Re: Futures

Le 22/04/2013 17:16, Domenic Denicola a écrit :
> From: David Bruant [bruant.d@gmail.com]
>
>> Especially given that it's only for a transitioning period where native (or polyfilled) have to cohabit with previous library promises?
> This is a really bad misconception that you have repeated several times now.
>
> DOM Futures, and possibly ECMAScript promises, are practically feature-less. They have `then`, `catch` sugar, a few static combinator methods, and that's it. If you want to do anything serious with promises, you're going to need a lot more than that. Check out the extensive API Q provides, for example:
>
> https://github.com/kriskowal/q/wiki/API-Reference
>
> In particular, I and teams I have worked on in real-world projects use `promise.finally`, the promise-for-object methods, the promise-for-function methods, and the utility methods literally every day. (To say nothing of the Node.js-interfacing methods.) Features like long stack traces have been invaluable for us.
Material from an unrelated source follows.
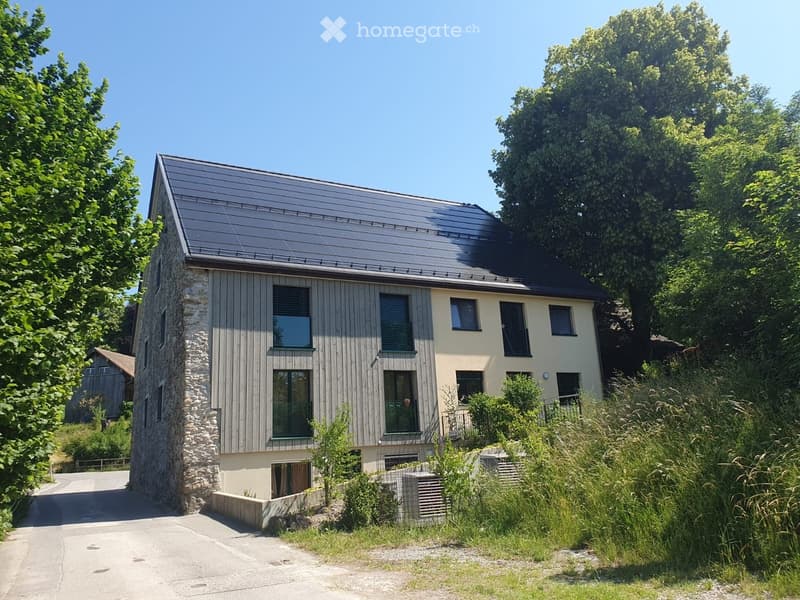 Two-story modern house with a combination of stone and wood exterior, large windows, and a sloped metal roof.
When.js has similar extra capabilities beyond the basics, and even RSVP (which is pretty lightweight) has `RSVP.hash` for shallowly settling any promise properties of an object. And the Q ecosystem is built around different fundamental primitives from DOM Futures which allow things like promise for remote objects, promise pipelining, and the like---use cases which are increasingly important.
>
> To think that users who are accustomed to this level of flexibility are going to suddenly switch to DOM Futures/ECMAScript promises is very naive. More likely, those will be used alongside more full-featured promises returned from other parts of the system---forever, not just in some transition period. Thus, interop is going to be necessary for an ergonomic experience.
I never suggested to give all that up. In the long term, all of that can 
be re-implemented on top of platform promises (with devtools support 
which is a significant bonus; you were talking about stack traces?) and 
maybe even improved based on the experience of current libraries.
For the transition period, I suggested:
> Each library can add:
>     if(nativeFuture(p))
>         p = wrapNativeFuture(p)
>
> to the beginning each of its method accepting a promise as argument 
> (or equivalent is the promise is in 'this')
>
> These 2 lines (+wrapNativeFuture) sound pretty practical to me for the 
> transition period.
It sounds like a reasonable compromise for libraries to work with 
built-in promises without imposing a burden on top of these.


Dean Landolt wrote:
> FWIW I disagree with him -- I strongly suspect that by the time this 
> were to all go down and a stable polyfill existed there'd already be 
> too much then-demanding code in the wild. There probably already is. 
> And at that point it's __proto__ all over again -- the standard will 
> have no choice but to respect then and the problem cannot be fixed :-/
There is a major difference with __proto__ which is that it is a 
platform de facto standard not a library de facto standard. __proto__ is 
already in the platform, it makes sense to standardize it as part of the 
platform. ".then" is a convention among a particular dev community 
(which I consider to be part of, but that's beyond the point); I'm not 
sure why the platform should follow that convention.

By that logic, should the intersection of jQuery and Zepto's $ be 
included in the platform? Or the intersection of Underscore and Lodash 
for _ (there are minor differences)?